I am looking to buy my first Rv in the near future and at the moment the Forest River Lexington 283GTS is number one on my wish list.
Does anybody have any experience with a Lexington?? I would be interested to hear, good or bad.

Mr Jinks


----------



## 97785 (Feb 19, 2006)

I don't own a lexington but have had experiences with them. They are great value for money and the floor plan you are looking at is one of my personal favourites. I personnally believe they are the best looking US B class motorhome with all leather seats and sofas etc. I have never heard of any problems with them and everyone I know who owns one is very pleased with them as they are so manageable on the UK roads plus on a car license! They look absolutly fantastic in full body paint which the GTS range offers.

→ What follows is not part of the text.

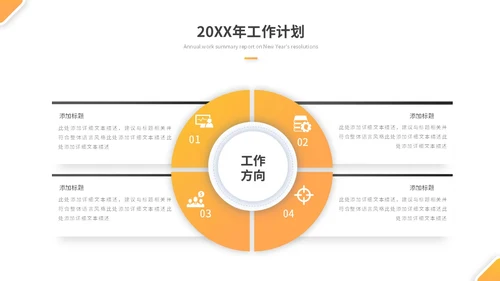 简约商务工程部年终总结项目工作总结述职报告ppt模板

Are you planning on buying new?

Craig


----------



## MrJinks (May 15, 2006)

Ideally a second hand model but as they have only been around since last year they are pretty rare. So probably new
I am also looking at the possible option of going over to the US to buy new & combining it with a 3 month tour before shipping back to UK.


----------



## 97785 (Feb 19, 2006)

Sounds a good plan to me. What sort of prices are they in the states and where from? Don't forget you will need a conversion done when it gets back here to the UK, would you do this yourself?

Craig


----------



## MrJinks (May 15, 2006)

Seems they can be picked up for about $60,000. With shipping and taxes on top there would be a good enough saving to make it worthwhile.
No I would not do the conversion work myself. I would have to arrange with someone else to do that when back in UK. I think there are a few companys that will do that work. 
The big problem for me is my better half hates flying so I will have to do a lot of persuading if we go down that route. :roll:


----------



## 97785 (Feb 19, 2006)

So all in all what would it cost you to get that motorhome in to the UK and on the road? I know of a few company's that can do the conversions, where are you based? Also once the RV has left the US the warranty is void.

Craig


----------



## MrJinks (May 15, 2006)

Estimate only at this stage £46-50k


----------